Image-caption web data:
----------------------------------------

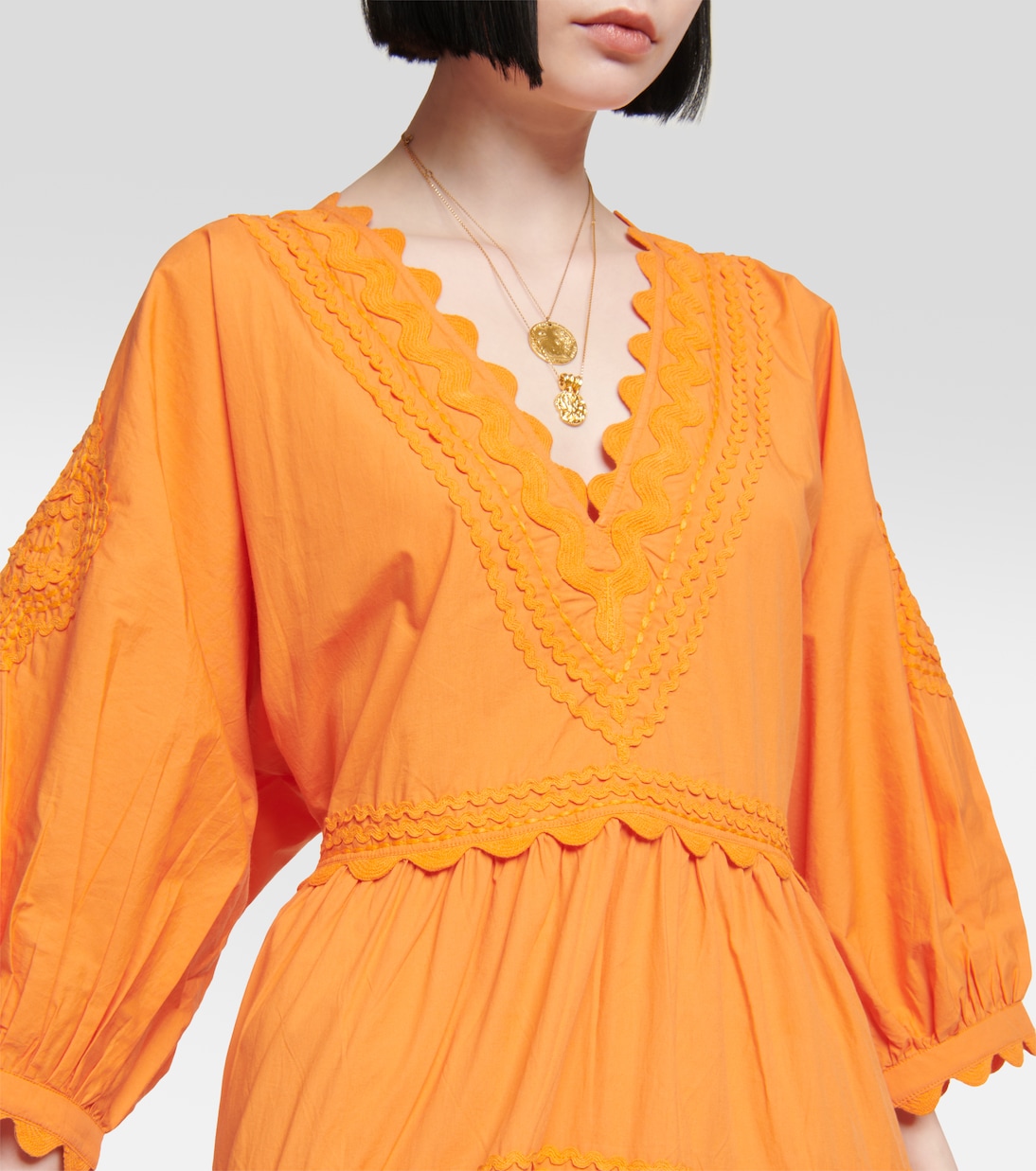 Embroidered cotton poplin maxi dress | Juliet Dunn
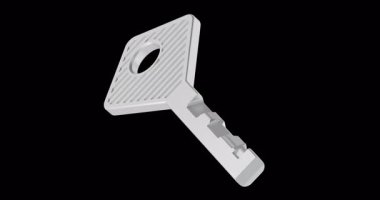 Metalik anahtar döndürme animasyonu kusursuz bir şekilde çevrilebilir. Şeffaf arkaplanda 3B görüntüleme izole edildi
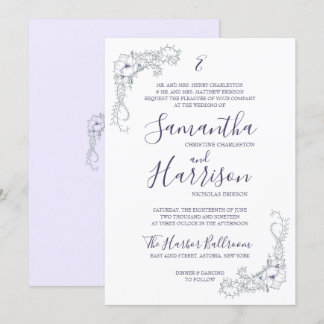 Invitation élégant de lavande et minimal floral de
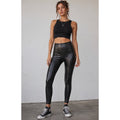Spanx Faux Leather Moto Leggings Ankle Length XS Black 2437 Grunge Emo Biker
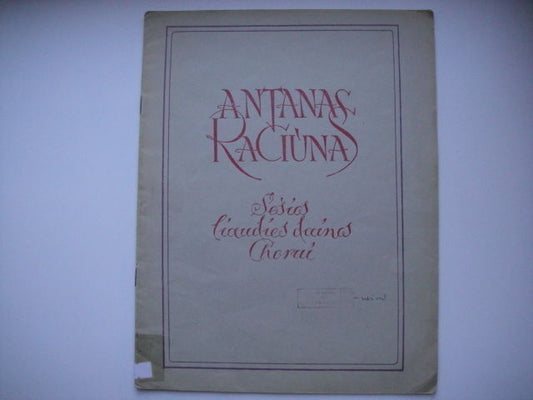 Vintage Sheet Music Score: A.Raciunas: Six Songs for Choir LITHUANIA Composer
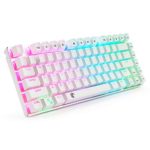 E-Element Z-88 60% RGB Mechanical Gaming Keyboard, Brown Switch, LED Backlit, Water Resistant, Compact 81 Keys Anti-Ghosting for Mac PC, White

----------------------------------------

[WHAT IS EXPECTED]
What is the exact wording of the lines from the one bearing "Invitation élégant de" through the final line of the records above? Write it out without the pictures.

[YOUR SOLUTION]
 Invitation élégant de lavande et minimal floral de
Spanx Faux Leather Moto Leggings Ankle Length XS Black 2437 Grunge Emo Biker
 Vintage Sheet Music Score: A.Raciunas: Six Songs for Choir LITHUANIA Composer
 E-Element Z-88 60% RGB Mechanical Gaming Keyboard, Brown Switch, LED Backlit, Water Resistant, Compact 81 Keys Anti-Ghosting for Mac PC, White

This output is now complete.